Syaquilla tersenyum, namun tidak dengan Carina. "Kami bukan hanya sahabat, tapi juga saudara." Jawabnya dengan datar. "Udah lama gak ketemu ya, Dok. Terakhir Carina ketemu dokter pas acara nikahan dokter." Sindirnya tajam. Syaquilla memandang Carina, ia sama sekali tidak tahu kalau wanita yang ada di samping pamannya itu sudah menikah. "Tapi kok dokter kesini gak sama suami?"
"Ah.. itu.. anu.." Zemira tampak tergagap.
"Ambilin uncle minum donk, Rin." Pinta Gilang, lebih karena ingin memecah kekakuan.

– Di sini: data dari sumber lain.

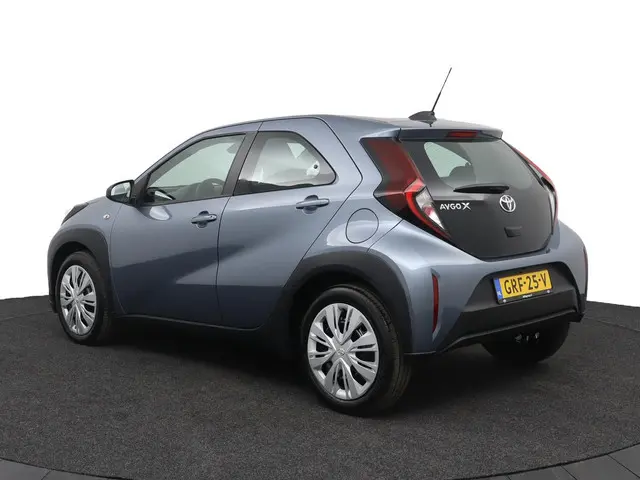 Toyota Aygo X 1.0 VVT-i MT Play 2024 Benzine 12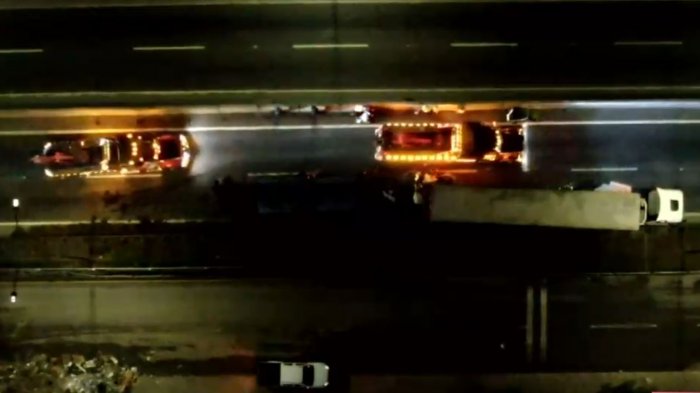 Colisión entre 2 camiones en Renca genera desvíos en autopista General Velásquez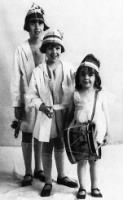 Gumm-Sisters-1925.jpg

"Manja, minum aja minta diambilin. Lama-lama makan minta di suapin." Namun meskipun menggerutu, Carina turun dari kursinya dan berjalan menuju dapur. Gilang duduk di samping Syaquilla, di tempat Carina sebelumnya duduk dan secara otomatis Zemira duduk di sisi kiri Syaquilla. Syaquilla merasa diapit oleh sepasang kekasih. Ia hendak turun, namun Gilang menahan tangannya. Qilla meliriknya dan pria itu menggeleng begitu tak kentara. Alhasil Syaquilla hanya bisa menegakkan punggungnya.
"Katanya kamu sekarang jadi model ya?" Zemira memulai pembicaraan. Matanya terarah pada Carina yang tengah menyodorkan gelas berisi air putih dingin kepada Gilang.

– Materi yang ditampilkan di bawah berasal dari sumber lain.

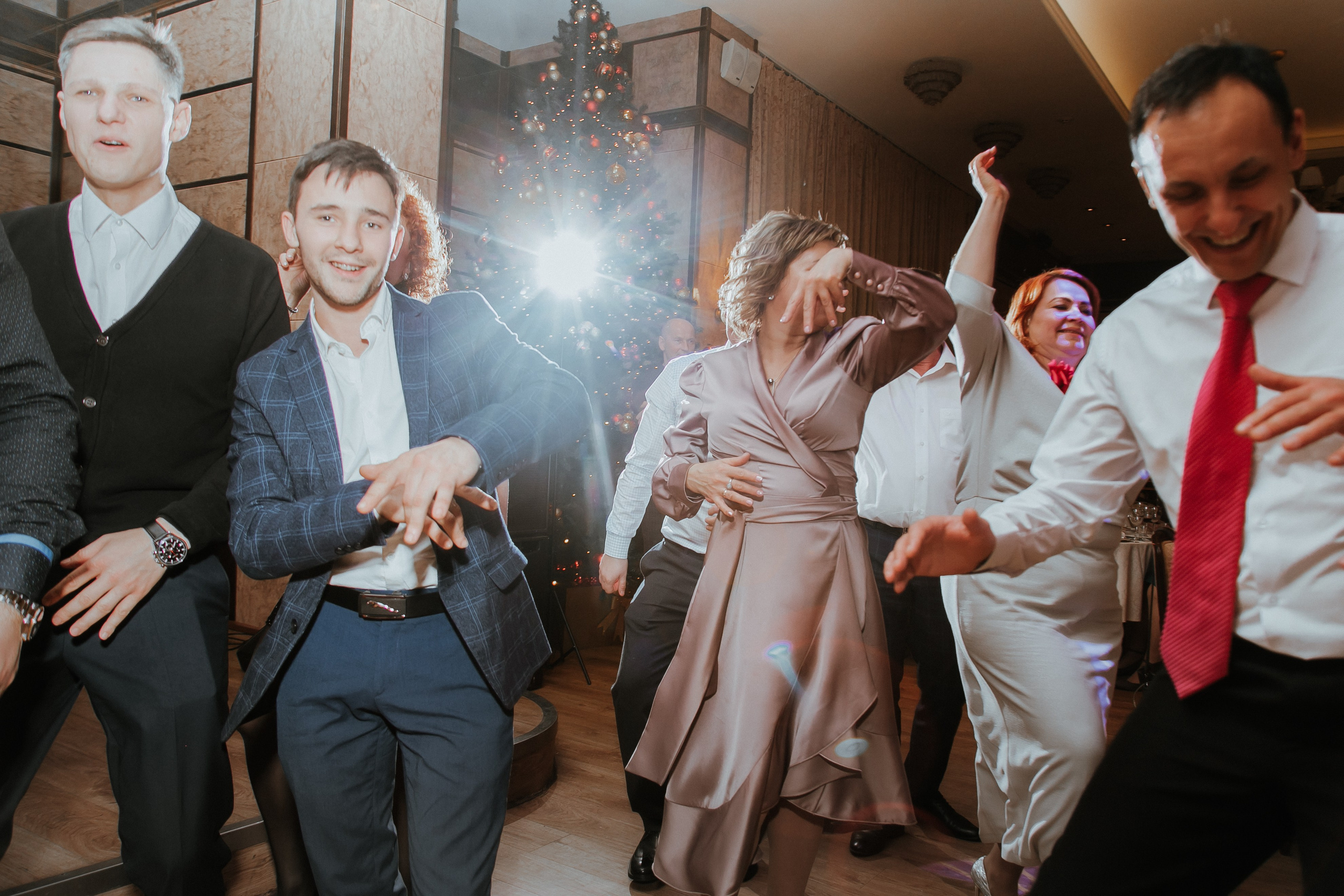 Съемка выездной регистрации в отеле. Свадебный и репортажный фотограф в Ярославле и Санкт-Петербурге Роман Микрюков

"Ya, Alhamdulillahnya begitu." Jawab Carina santai. Karena satu-satunya kursi bar yang tersisa berada di samping Zemira, maka Carina memilih untuk berdiri di seberang meja, berhadapan langsung dengan Syaquilla. "Aunty sendiri, sekarang dinas dimana?"
"Saya di rumah sakit Mitra Medika. Tapi sudah buka klinik kandungan sendiri." Jawab wanita itu dengan nada sedikit jumawa.
"Oh, jadi Aunty ngambil spesialis kandungan?" Wanita itu mengangguk. Ada rasa tak nyaman terlihat dari kernyitan dahi pria itu setiap kali Carina memanggilnya dengan sebutan 'Aunty'.
"Kamu..."
"Syaquilla, Aunty." Ucap Syaquilla dengan senyum di wajahnya.
"Iya, maaf. Saya lupa. Maklum udah lama gak ketemu. Kamu sekarang kerja?"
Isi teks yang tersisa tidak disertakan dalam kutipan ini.